## EXERCISE DATA

━━━━━━━━━━━━━━━━━━━━━━━━━━━━━━

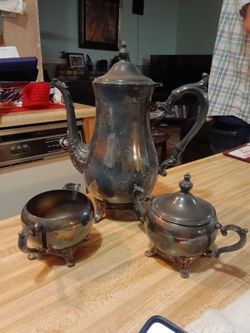 WM Rodgers vintage coffee/Tea Pot creamer and sugar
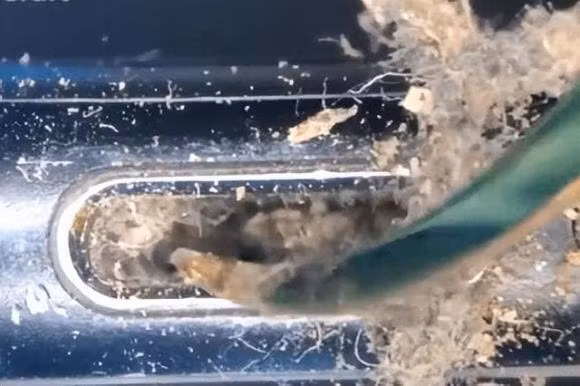 Lam the nao de lam sach bui ban trong lo dien thoai?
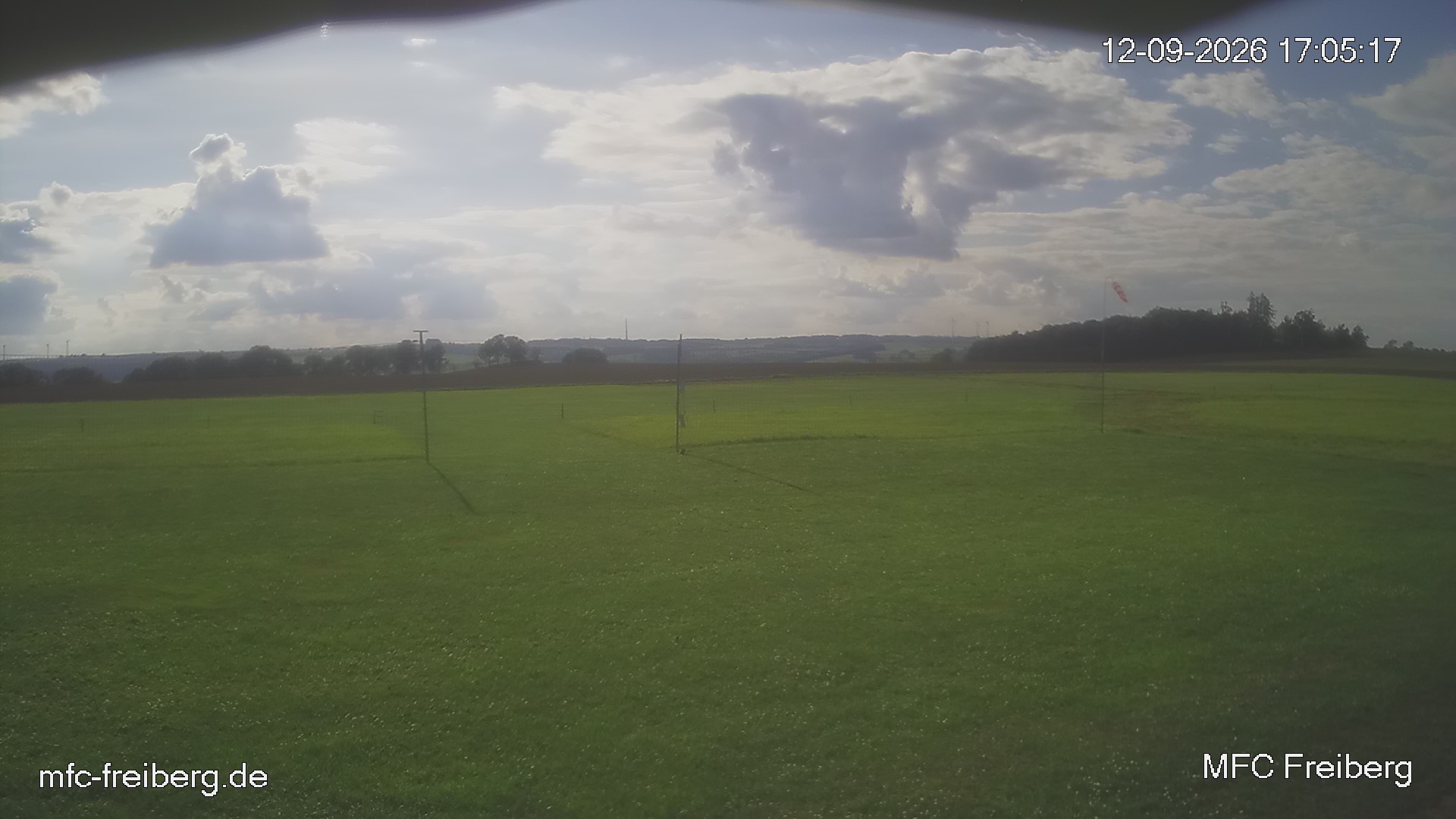 MFC Freiberg Flugplatz Webcam mfc-freiberg-flugplatz-webcam-2026-09-12-17-06.jpg Webcam vom Flugplatz Weissenborn Modellflugsportverein Freiberg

━━━━━━━━━━━━━━━━━━━━━━━━━━━━━━

## EXERCISE
Could you transcribe exactly the lines from the one with "Lam the nao" through the end of the data, both ends included, and nothing else, skipping the pictures?

## EXPECTED ANSWER
 Lam the nao de lam sach bui ban trong lo dien thoai?
 MFC Freiberg Flugplatz Webcam mfc-freiberg-flugplatz-webcam-2026-09-12-17-06.jpg Webcam vom Flugplatz Weissenborn Modellflugsportverein Freiberg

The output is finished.